Material for this task section start

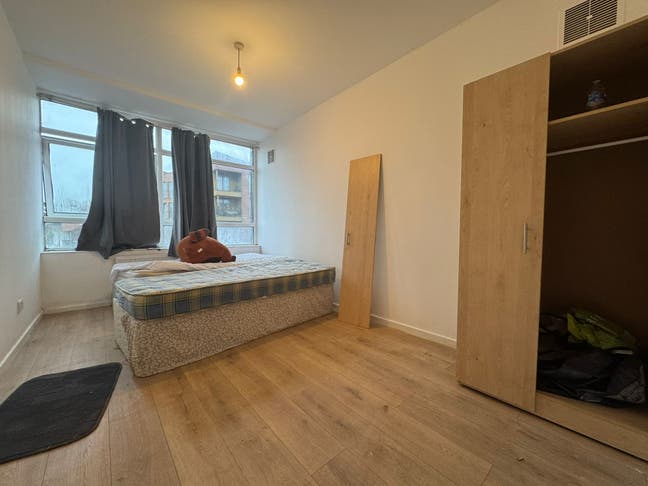 3 Double Rooms in Mitcham / Perfect for a Group🛋️ Main Photo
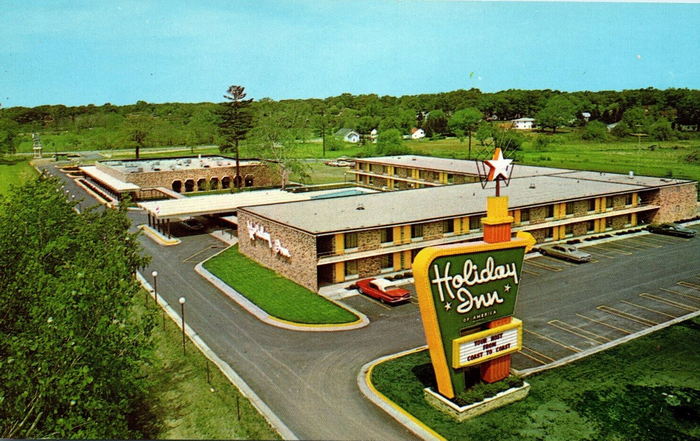 Holiday Inn - Muskegon Holiday Inn (newer photo)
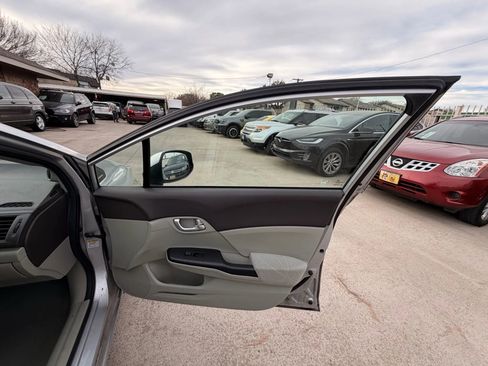 Used 2012 Honda Civic EX image 32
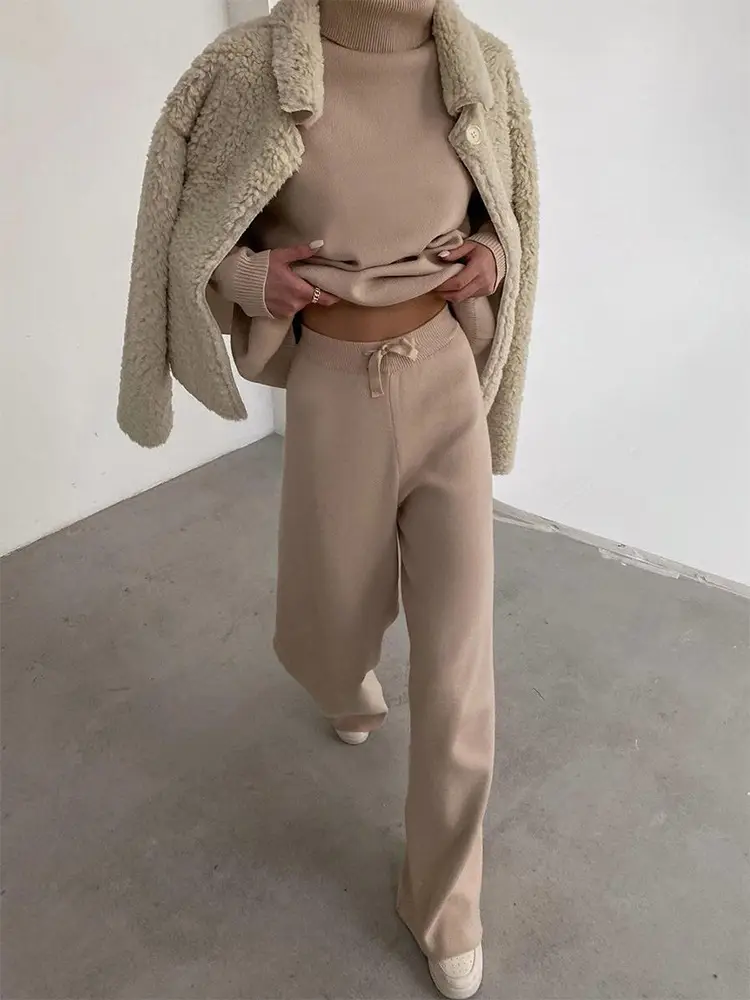 2025 Women's Beige Knitted Wide Leg Pants Set — feature 6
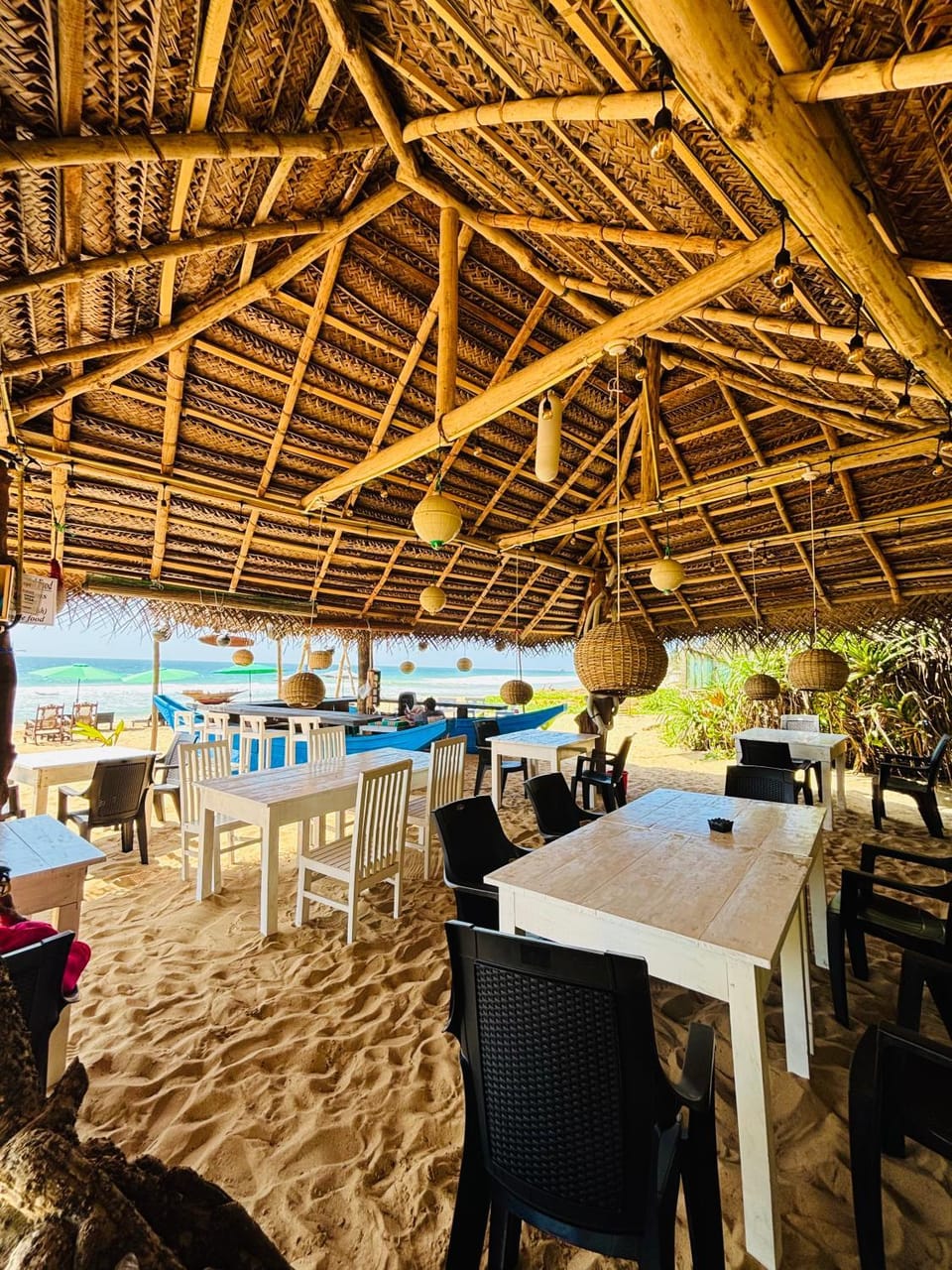 Revival Beach Resort-2 Bed and Breakfast in Hikkaduwa
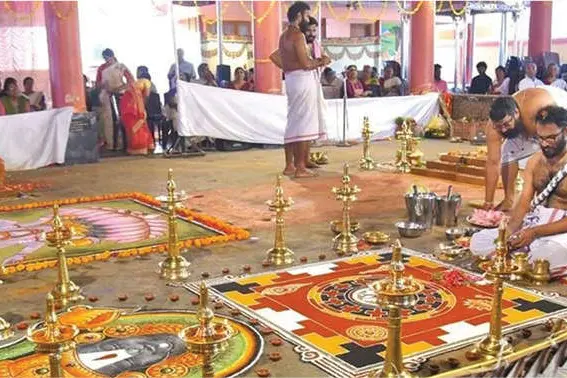 ജീവിതചര്യയും ചിന്താഗതികളും വേദത്തെ അടിസ്ഥാനമാക്കിയാകണം -സരിതാ അയ്യർ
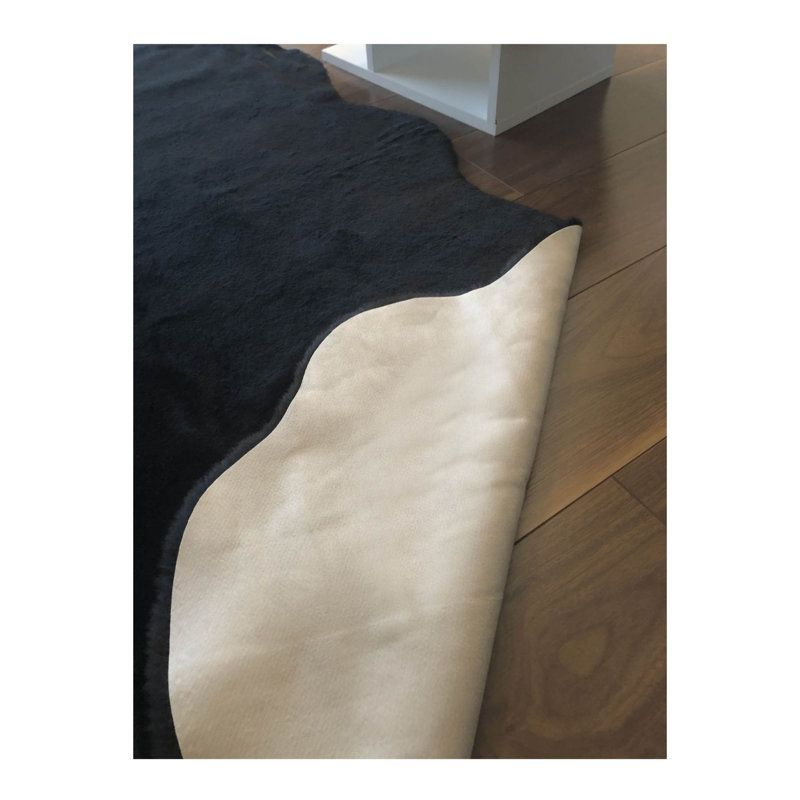 Tapis noir en acrylique tissé à la machine 2 pi 4 po x 5 pi 11 po Overby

Material for this task section end

Problem to work on — Beginning with the line containing "2025 Women's Beige" and ending with the last line of the data above, repeat each line exactly. Include no pictures and no other lines.

The answer —
 2025 Women's Beige Knitted Wide Leg Pants Set — feature 6
 Revival Beach Resort-2 Bed and Breakfast in Hikkaduwa
 ജീവിതചര്യയും ചിന്താഗതികളും വേദത്തെ അടിസ്ഥാനമാക്കിയാകണം -സരിതാ അയ്യർ
 Tapis noir en acrylique tissé à la machine 2 pi 4 po x 5 pi 11 po Overby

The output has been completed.